Зурнин говорил об отмирающих обычаях старой деревни В этот момент даже маленькая удача ему казалась огромной.

— Молодым ур-ра! — прервал Зурнина Дмитрий Седов.

— Эк, разобрало партизана!

— Форсу, как у богатого…

— Вот как наши кошелями машут, только милостынька летит…

Ненила Самоховна, наклонившись к оглушенному счастьем Селифону, шептала:

— А ты, внучек, не сердись на деда-то: как ты ушел батрачить к Самохе, он извелся по тебе ночами, остарел.

— Подружки милые, проходите за стол, повеселитесь, отведайте угощения, — пригласила девушек Марина. — Порадуйтесь вместе со мной.

Любовь, нежность, счастье затопили все существо Марины, и она, казалось, щедро расточала их не только на сидящего рядом с нею Селифона, но и на всех окружающих ее людей.

Девки краснели, оправляя сарафаны, робко переминались, посматривая друг на друга.

— Чё и упираются, козлухи!
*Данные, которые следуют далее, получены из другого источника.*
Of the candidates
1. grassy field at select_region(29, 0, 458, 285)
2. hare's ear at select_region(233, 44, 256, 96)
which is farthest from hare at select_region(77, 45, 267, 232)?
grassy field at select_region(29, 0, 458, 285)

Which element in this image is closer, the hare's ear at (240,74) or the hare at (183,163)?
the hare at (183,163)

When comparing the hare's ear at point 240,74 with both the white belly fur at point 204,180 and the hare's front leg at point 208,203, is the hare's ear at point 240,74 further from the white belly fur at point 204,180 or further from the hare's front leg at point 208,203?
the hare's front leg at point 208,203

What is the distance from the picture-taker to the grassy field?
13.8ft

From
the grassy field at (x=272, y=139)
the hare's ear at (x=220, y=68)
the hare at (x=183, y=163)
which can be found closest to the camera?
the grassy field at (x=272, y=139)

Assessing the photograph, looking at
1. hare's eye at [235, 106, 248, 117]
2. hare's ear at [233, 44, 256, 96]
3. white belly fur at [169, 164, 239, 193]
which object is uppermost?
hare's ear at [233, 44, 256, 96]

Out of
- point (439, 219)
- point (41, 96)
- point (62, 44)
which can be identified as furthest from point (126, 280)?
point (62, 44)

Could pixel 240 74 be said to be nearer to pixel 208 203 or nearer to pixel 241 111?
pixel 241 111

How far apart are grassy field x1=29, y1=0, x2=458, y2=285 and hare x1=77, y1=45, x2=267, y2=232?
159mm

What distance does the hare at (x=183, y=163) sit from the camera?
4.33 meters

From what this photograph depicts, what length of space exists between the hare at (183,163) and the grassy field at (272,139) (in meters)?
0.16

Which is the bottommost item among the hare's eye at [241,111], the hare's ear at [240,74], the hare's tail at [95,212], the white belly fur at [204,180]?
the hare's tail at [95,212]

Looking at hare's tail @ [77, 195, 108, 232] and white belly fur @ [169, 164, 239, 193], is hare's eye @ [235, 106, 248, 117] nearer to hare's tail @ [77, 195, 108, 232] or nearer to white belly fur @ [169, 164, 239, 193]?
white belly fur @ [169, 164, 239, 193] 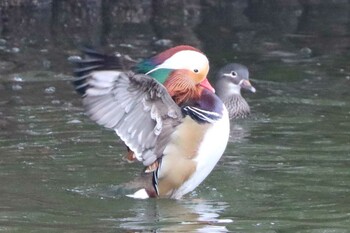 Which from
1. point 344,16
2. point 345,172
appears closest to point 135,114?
point 345,172

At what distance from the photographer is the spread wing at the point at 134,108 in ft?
20.5

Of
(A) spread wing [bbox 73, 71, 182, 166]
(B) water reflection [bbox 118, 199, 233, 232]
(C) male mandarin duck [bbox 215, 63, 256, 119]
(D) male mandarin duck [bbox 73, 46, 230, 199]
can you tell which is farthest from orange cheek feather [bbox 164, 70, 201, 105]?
(C) male mandarin duck [bbox 215, 63, 256, 119]

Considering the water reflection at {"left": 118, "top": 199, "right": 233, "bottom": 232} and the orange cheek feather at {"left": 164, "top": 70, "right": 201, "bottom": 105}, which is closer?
the water reflection at {"left": 118, "top": 199, "right": 233, "bottom": 232}

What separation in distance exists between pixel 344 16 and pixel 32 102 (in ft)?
23.7

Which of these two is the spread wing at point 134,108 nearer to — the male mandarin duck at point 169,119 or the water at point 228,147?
the male mandarin duck at point 169,119

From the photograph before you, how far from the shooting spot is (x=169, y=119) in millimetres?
6633

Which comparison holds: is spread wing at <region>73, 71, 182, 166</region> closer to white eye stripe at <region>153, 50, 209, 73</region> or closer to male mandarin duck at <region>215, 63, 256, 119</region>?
white eye stripe at <region>153, 50, 209, 73</region>

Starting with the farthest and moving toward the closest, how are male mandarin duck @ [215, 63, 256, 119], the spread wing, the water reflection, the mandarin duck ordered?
male mandarin duck @ [215, 63, 256, 119] → the mandarin duck → the spread wing → the water reflection

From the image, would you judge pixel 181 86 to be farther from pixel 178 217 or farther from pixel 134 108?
pixel 178 217

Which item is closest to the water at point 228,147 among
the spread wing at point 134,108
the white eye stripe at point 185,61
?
the spread wing at point 134,108

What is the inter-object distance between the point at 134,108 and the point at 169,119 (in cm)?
29

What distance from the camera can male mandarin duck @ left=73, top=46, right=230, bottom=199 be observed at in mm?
6344

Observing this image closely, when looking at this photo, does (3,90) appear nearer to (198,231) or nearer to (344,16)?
(198,231)

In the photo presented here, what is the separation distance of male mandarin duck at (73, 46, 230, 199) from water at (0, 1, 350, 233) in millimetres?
159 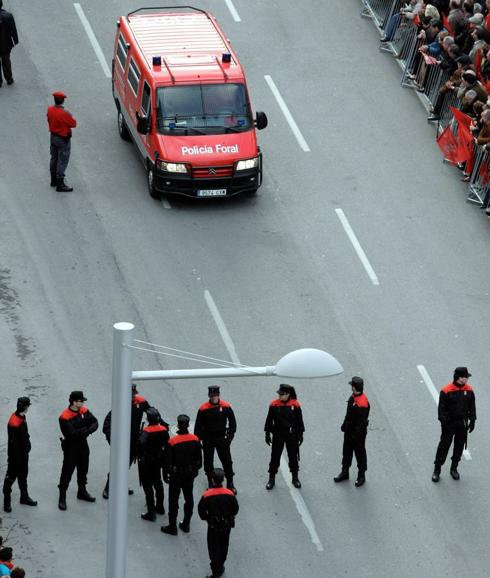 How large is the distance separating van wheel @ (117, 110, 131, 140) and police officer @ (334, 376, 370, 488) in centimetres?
991

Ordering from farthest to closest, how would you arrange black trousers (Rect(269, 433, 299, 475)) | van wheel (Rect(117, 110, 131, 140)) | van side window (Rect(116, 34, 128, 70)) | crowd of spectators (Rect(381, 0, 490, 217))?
van wheel (Rect(117, 110, 131, 140)), van side window (Rect(116, 34, 128, 70)), crowd of spectators (Rect(381, 0, 490, 217)), black trousers (Rect(269, 433, 299, 475))

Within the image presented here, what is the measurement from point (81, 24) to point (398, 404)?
45.3ft

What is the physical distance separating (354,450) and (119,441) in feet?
27.6

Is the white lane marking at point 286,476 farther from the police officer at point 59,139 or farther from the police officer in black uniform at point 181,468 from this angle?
the police officer at point 59,139

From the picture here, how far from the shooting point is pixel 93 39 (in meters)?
33.0

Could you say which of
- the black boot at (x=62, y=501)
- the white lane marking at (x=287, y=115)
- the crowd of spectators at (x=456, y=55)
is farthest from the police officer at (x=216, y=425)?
the white lane marking at (x=287, y=115)

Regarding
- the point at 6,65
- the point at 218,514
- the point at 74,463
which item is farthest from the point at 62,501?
the point at 6,65

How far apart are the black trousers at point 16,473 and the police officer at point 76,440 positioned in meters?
0.47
Просят, — значит, угощайся. Не ворована свадьба: гостей бить не будут, — Виринея Мирониха села за стол.

— Пиво пить да плясать — не лен чесать, спина не заболит. А все равно в аду кипеть! — осмелилась и Фрося-поповна, и первая из девушек взяла стакан с медовухой.

За ней сели и другие девушки. Невеста налила полные стаканы медовухи подругам.

Станислав Матвеич обратился к женщинам:

вернуться

12

Зять, перешедший жить к тестю.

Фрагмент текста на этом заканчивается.